# Exercise description:
An exact transcription of every record is needed.

_ _ _

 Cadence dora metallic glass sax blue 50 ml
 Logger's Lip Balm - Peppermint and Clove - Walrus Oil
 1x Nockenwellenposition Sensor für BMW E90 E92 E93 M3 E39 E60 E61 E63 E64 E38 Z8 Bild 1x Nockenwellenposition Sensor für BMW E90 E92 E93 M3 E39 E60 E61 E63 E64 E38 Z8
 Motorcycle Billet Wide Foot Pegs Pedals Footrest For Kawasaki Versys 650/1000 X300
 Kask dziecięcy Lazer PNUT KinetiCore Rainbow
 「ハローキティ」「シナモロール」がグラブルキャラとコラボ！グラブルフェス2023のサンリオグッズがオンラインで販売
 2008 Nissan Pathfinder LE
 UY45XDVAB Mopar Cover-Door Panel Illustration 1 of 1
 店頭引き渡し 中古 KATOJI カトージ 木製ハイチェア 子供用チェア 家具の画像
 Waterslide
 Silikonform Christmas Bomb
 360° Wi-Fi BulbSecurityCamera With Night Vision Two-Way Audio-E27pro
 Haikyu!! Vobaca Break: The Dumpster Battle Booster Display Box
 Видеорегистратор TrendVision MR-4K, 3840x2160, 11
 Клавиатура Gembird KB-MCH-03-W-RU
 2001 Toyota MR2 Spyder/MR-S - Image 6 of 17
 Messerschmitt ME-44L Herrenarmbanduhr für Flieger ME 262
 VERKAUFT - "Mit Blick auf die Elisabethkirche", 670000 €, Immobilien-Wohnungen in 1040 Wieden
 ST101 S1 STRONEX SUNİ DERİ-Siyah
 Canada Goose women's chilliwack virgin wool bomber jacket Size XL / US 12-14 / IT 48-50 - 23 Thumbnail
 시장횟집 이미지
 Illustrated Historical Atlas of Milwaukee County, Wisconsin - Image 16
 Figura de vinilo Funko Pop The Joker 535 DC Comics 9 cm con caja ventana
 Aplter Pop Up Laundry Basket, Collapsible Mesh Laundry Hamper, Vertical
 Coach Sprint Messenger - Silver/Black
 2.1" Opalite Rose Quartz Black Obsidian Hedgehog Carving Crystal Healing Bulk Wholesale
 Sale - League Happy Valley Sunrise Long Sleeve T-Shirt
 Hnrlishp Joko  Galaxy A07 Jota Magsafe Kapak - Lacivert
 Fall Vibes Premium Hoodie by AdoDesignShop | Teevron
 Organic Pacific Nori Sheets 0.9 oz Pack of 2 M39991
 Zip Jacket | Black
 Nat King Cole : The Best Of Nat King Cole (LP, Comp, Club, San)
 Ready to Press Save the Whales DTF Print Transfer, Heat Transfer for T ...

_ _ _

# Answer to this task:
 Cadence dora metallic glass sax blue 50 ml
 Logger's Lip Balm - Peppermint and Clove - Walrus Oil
 1x Nockenwellenposition Sensor für BMW E90 E92 E93 M3 E39 E60 E61 E63 E64 E38 Z8 Bild 1x Nockenwellenposition Sensor für BMW E90 E92 E93 M3 E39 E60 E61 E63 E64 E38 Z8
 Motorcycle Billet Wide Foot Pegs Pedals Footrest For Kawasaki Versys 650/1000 X300
 Kask dziecięcy Lazer PNUT KinetiCore Rainbow
 「ハローキティ」「シナモロール」がグラブルキャラとコラボ！グラブルフェス2023のサンリオグッズがオンラインで販売
 2008 Nissan Pathfinder LE
 UY45XDVAB Mopar Cover-Door Panel Illustration 1 of 1
 店頭引き渡し 中古 KATOJI カトージ 木製ハイチェア 子供用チェア 家具の画像
 Waterslide
 Silikonform Christmas Bomb
 360° Wi-Fi BulbSecurityCamera With Night Vision Two-Way Audio-E27pro
 Haikyu!! Vobaca Break: The Dumpster Battle Booster Display Box
 Видеорегистратор TrendVision MR-4K, 3840x2160, 11
 Клавиатура Gembird KB-MCH-03-W-RU
 2001 Toyota MR2 Spyder/MR-S - Image 6 of 17
 Messerschmitt ME-44L Herrenarmbanduhr für Flieger ME 262
 VERKAUFT - "Mit Blick auf die Elisabethkirche", 670000 €, Immobilien-Wohnungen in 1040 Wieden
 ST101 S1 STRONEX SUNİ DERİ-Siyah
 Canada Goose women's chilliwack virgin wool bomber jacket Size XL / US 12-14 / IT 48-50 - 23 Thumbnail
 시장횟집 이미지
 Illustrated Historical Atlas of Milwaukee County, Wisconsin - Image 16
 Figura de vinilo Funko Pop The Joker 535 DC Comics 9 cm con caja ventana
 Aplter Pop Up Laundry Basket, Collapsible Mesh Laundry Hamper, Vertical
 Coach Sprint Messenger - Silver/Black
 2.1" Opalite Rose Quartz Black Obsidian Hedgehog Carving Crystal Healing Bulk Wholesale
 Sale - League Happy Valley Sunrise Long Sleeve T-Shirt
 Hnrlishp Joko  Galaxy A07 Jota Magsafe Kapak - Lacivert
 Fall Vibes Premium Hoodie by AdoDesignShop | Teevron
 Organic Pacific Nori Sheets 0.9 oz Pack of 2 M39991
 Zip Jacket | Black
 Nat King Cole : The Best Of Nat King Cole (LP, Comp, Club, San)
 Ready to Press Save the Whales DTF Print Transfer, Heat Transfer for T ...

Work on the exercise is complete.